On the 41st day, they fought an engagement that lasted too long, or maybe the wounded Russian yelled too loud or completed a radio transmission before he died when a grenade was tossed in the direction of his yelling. From their basement they started hearing explosions and they thought their own drones were finishing off wounded Russians, but it turned out that Russian drones were dropping gas grenades. One border guard soldier put his gas mask on. The other poured water onto a Tshirt and breathed through it. The 103rd soldier tried breathing through a couple of wet wipes. They coughed for a while but survived.
It was when the Russian drones started to attack the basement entrance with explosives that they realized they were discovered. Their commanders told them to barricade the entrance against explosives and they will come and get them. They propped up a metal bed frame in the stairway and covered it with boards. By the end of the day, half the boards were shattered.

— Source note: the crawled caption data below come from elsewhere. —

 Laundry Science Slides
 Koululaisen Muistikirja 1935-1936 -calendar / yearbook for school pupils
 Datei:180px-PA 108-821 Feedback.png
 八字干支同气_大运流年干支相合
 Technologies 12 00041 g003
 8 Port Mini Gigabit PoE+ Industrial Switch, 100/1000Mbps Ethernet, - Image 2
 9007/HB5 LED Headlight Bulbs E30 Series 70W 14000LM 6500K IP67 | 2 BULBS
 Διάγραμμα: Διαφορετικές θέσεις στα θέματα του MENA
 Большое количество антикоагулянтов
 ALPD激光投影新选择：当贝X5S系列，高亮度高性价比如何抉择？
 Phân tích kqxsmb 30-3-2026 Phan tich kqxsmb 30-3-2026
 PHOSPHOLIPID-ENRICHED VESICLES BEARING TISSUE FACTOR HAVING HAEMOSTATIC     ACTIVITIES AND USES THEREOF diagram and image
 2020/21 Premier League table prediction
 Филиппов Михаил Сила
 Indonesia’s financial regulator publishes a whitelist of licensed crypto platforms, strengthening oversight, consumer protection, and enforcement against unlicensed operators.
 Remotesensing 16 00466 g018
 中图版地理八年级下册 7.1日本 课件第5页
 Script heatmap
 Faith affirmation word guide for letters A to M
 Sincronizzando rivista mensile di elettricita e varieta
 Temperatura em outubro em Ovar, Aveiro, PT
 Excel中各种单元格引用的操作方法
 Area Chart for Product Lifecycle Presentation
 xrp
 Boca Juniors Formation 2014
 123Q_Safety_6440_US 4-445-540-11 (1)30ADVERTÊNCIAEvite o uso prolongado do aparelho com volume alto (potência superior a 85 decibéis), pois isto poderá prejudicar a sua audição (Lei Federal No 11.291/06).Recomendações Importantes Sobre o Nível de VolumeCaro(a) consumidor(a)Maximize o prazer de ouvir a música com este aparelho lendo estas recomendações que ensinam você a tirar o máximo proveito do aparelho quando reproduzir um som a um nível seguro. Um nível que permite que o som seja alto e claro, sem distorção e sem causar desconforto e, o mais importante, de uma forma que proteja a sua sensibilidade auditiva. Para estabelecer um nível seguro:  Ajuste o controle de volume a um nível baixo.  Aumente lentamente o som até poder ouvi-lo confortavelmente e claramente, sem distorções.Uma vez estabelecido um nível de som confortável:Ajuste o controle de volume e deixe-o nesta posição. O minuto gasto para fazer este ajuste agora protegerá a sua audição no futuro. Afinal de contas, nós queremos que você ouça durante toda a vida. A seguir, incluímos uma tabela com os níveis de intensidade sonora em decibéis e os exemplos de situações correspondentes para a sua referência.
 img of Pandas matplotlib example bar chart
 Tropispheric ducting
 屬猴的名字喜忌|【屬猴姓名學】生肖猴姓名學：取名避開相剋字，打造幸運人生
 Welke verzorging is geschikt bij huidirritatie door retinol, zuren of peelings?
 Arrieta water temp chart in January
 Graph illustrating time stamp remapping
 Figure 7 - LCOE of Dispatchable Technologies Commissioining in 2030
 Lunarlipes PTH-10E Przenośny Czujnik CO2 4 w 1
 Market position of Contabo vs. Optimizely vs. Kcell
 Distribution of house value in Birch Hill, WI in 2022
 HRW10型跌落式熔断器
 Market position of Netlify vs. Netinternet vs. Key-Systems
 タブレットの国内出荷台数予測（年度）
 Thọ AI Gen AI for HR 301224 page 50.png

After a while, the attacks stopped. Their commanders thought maybe the Russians thought the basement was empty or that anyone in the basement was dead. During the night, they took shovels they found on the Russians and dug a trench all night along the back wall and used the dirt that was placed into plastic bags used to drop food to create a parapet with sandbags in front of the trench. Body armor was also used on the parapet. The dirt was so packed that by morning the trench was only knee deep.

The bombing resumed and an explosion penetrated the ceiling of the basement; one soldier was seriously wounded. The other two kept digging until their hands were bloody. They were short on food and after the gas attack had very little water. They lost communications with their commanders. The boards on the bed frame and the bed frame itself were destroyed and the entrance was open. The two were laying down in the trench when another big explosion shook the basement. One of them said he thinks he’s finished. The other answered that he couldn’t move and thought he was done, too. It turns out that the heavy sandbags from the parapet fell on them and pinned them in the trench. With effort, they lifted the bags off themselves.
The mattress started burning and giving off smoke, which probably helped conceal them from the drones that could now see into some of the holes in the ceiling. Between the first and all the explosions, the Russians probably expected they were dead. Of the three survivors at the beginning of the previous day, one of them was dead but two remained. They rigged an antenna through the holes in the ceiling and couldn’t contact their commanders but they reached a neighboring position that passed on their status. They were told to be ready for a night time extraction, and when they emerged from the basement the drones led them to the extraction point.

One had a grenade fragment that penetrated to the bone, a broken rib and ruptured ear drums. The other had shrapnel wounds. They both had concussions. In the 42 days they were in position, they killed 25-30 Russians and two of them were killed.